EXERCISE OBJECTIVE: When the word "Latin" shows up in a line of the data below, copy that whole line.

Captioned web images:
##########
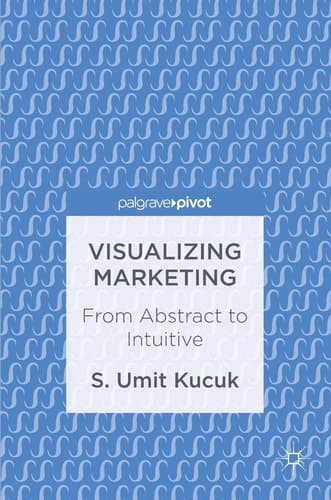 Visualizing Marketing From Abstract to Intuitive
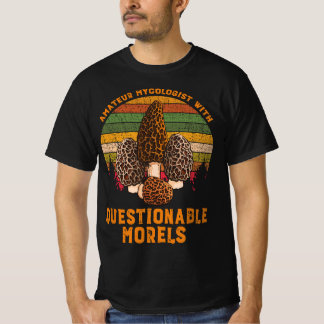 Amateur Mycologist With Questionable Morels T-Shirt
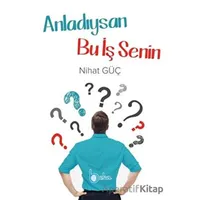 Anladıysan Bu İş Senin - Nihat Güç - Beka Yayınları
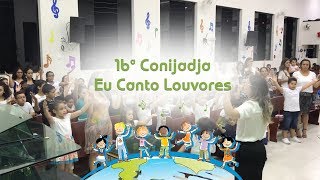 16ª Conijadja - Eu Canto Louvores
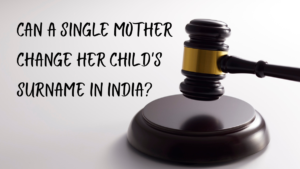 Can a single mother change her child's surname in India?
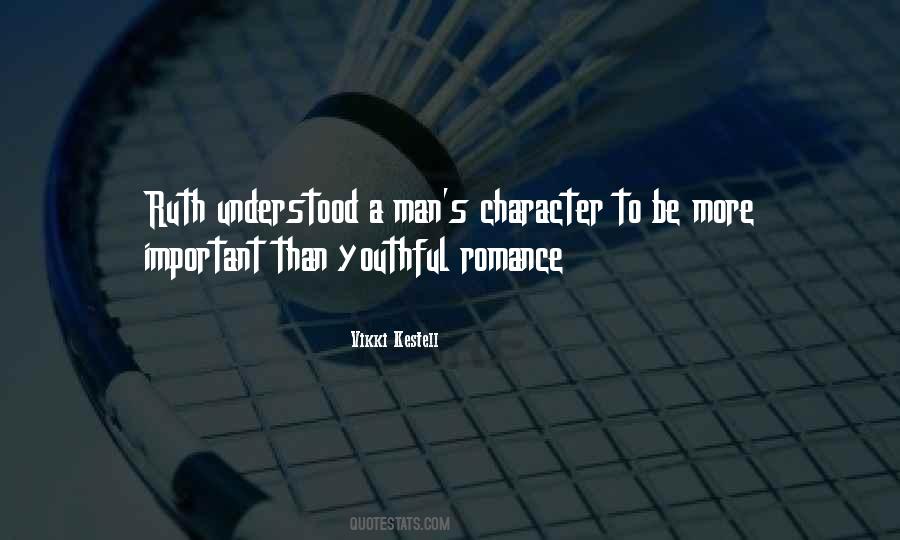 A Man's Character Quotes #161212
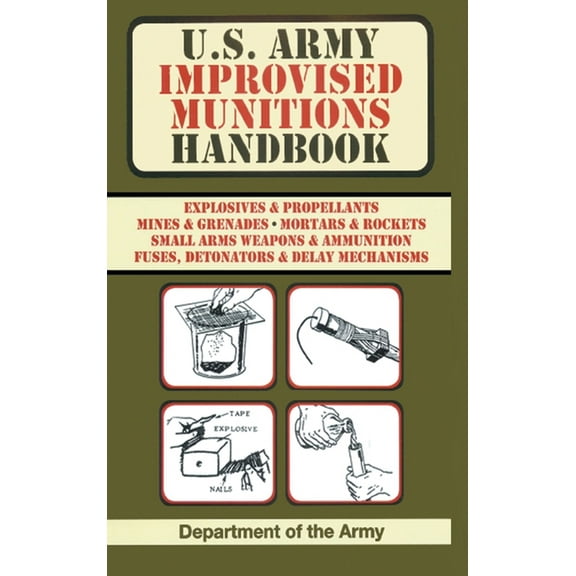U.S. Army Improvised Munitions Handbook (US Army Survival) (Hardcover)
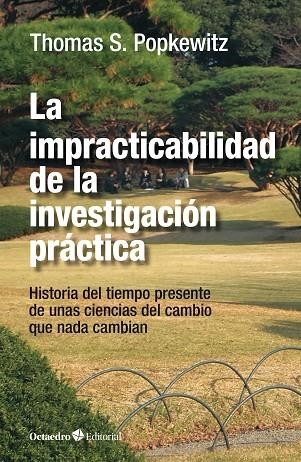 La impracticabilidad de la investigación práctica | 9788418819131 | Popkewitz, Thomas Stanley | Librería Castillón - Comprar libros online Aragón, Barbastro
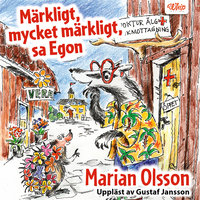 Märkligt, mycket märkligt, sa Egon - Marian Olsson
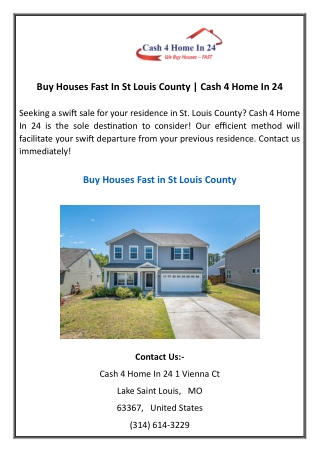 Buy Houses Fast In St Louis County Cash 4 Home In 24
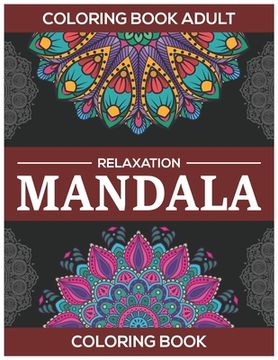 portada Coloring Book Adult Relaxation: Mandala Coloring Book: Stress Relieving Mandala Designs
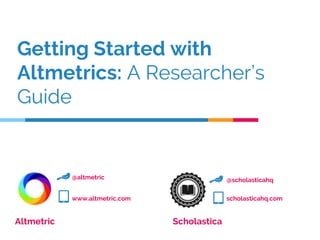 Getting Started with
Altmetrics: A Researcher’s
Guide
Altmetric Scholastica
@altmetric
www.altmetric.com
@scholasticahq
scholasticahq.com
 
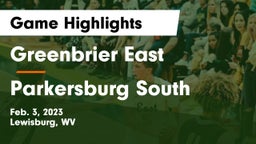 Greenbrier East  vs Parkersburg South  Game Highlights - Feb. 3, 2023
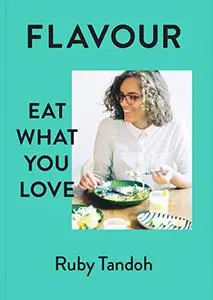 Flavour: Eat What You Love (Repost)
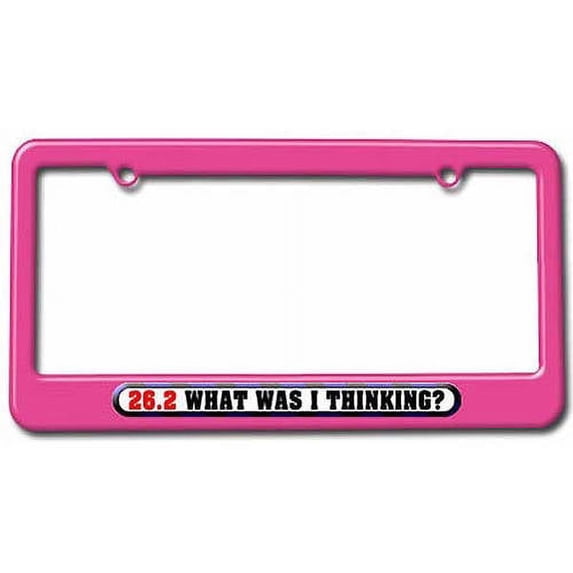 26.2 Marathon What Was I Thinking License Plate Tag Frame, Multiple Colors
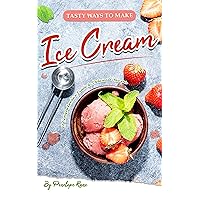 Tasty Ways to Make Ice Cream: A Comprehensive Guide to Delicious Flavors Tasty Ways to Make Ice Cream: A Comprehensive Guide to Delicious Flavors Kindle Paperback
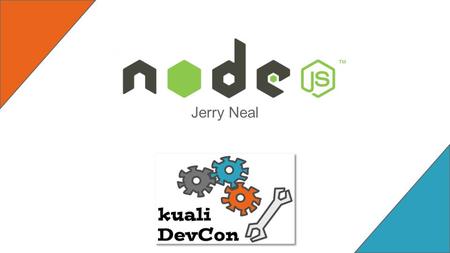 Jerry Neal. Agenda ➢ About Node ➢ Modules ➢ Node Architecture ➢ NPM ➢ FAQ ➢ Other Awesome Modules! get ready to node, this session is hands on!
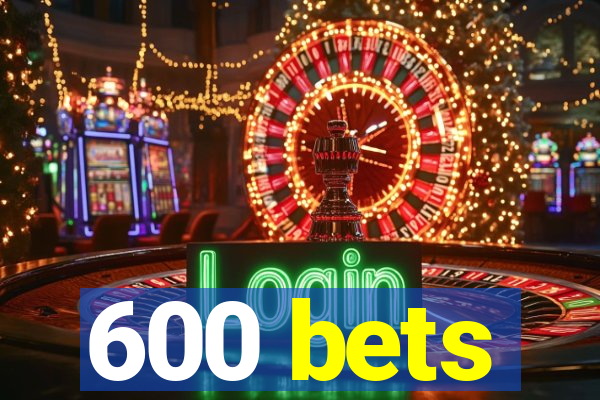 600 bets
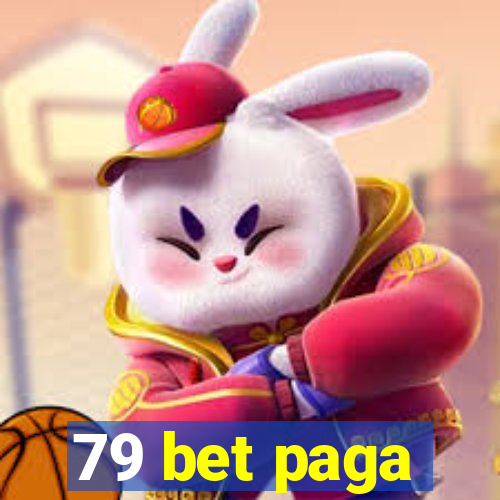 79 bet paga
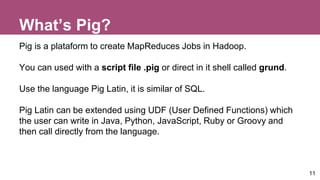 What’s Pig?
Pig is a plataform to create MapReduces Jobs in Hadoop.
You can used with a script file .pig or direct in it shell called grund.
Use the language Pig Latin, it is similar of SQL.
Pig Latin can be extended using UDF (User Defined Functions) which
the user can write in Java, Python, JavaScript, Ruby or Groovy and
then call directly from the language.
11
 
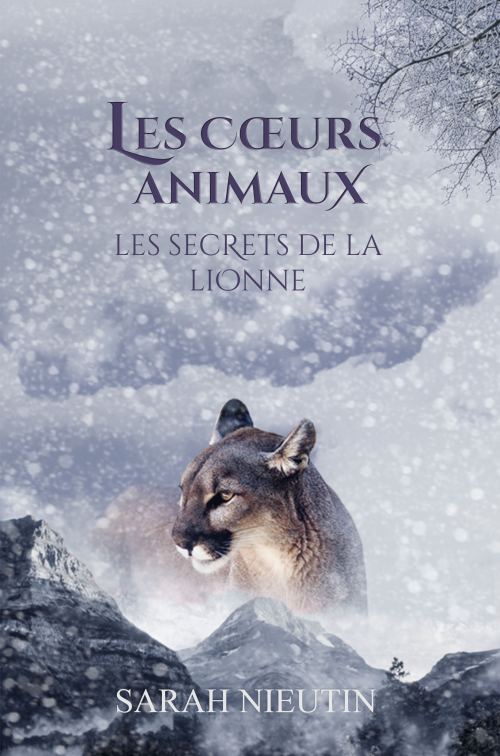 Couverture Les Coeurs Animaux, tome 2 : Les Secrets de la Lionne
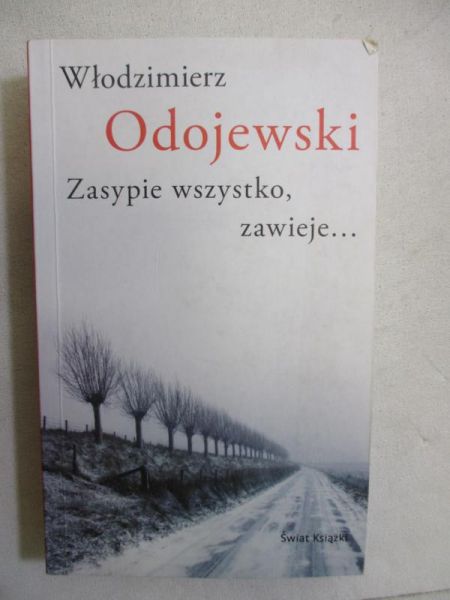 Zasypie wszystko, zawieje...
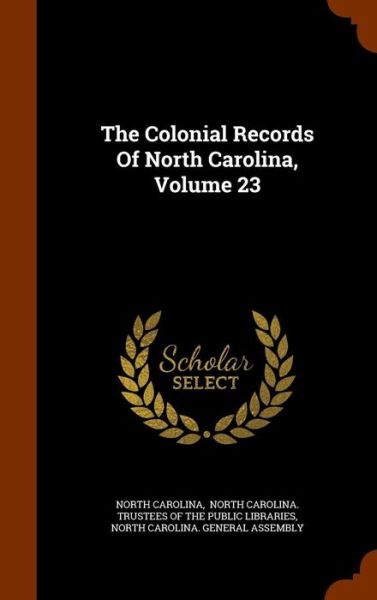 The Colonial Records of North Carolina, Volume 23 - North Carolina - Boeken - Arkose Press - 9781343578425 - 27 september 2015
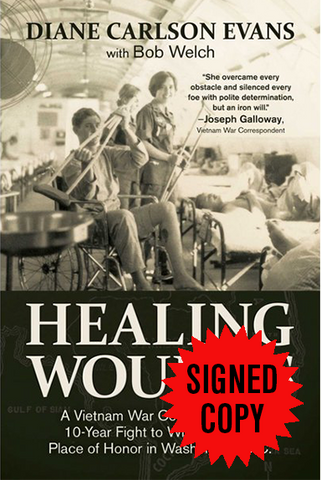 Healing Wounds: A Vietnam War Combat Nurse's 10-Year Fight to Win Women a Place of Honor in Washington, D.C.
##########
RESULT OF THIS EXERCISE:
Use the language Pig Latin, it is similar of SQL.
Pig Latin can be extended using UDF (User Defined Functions) which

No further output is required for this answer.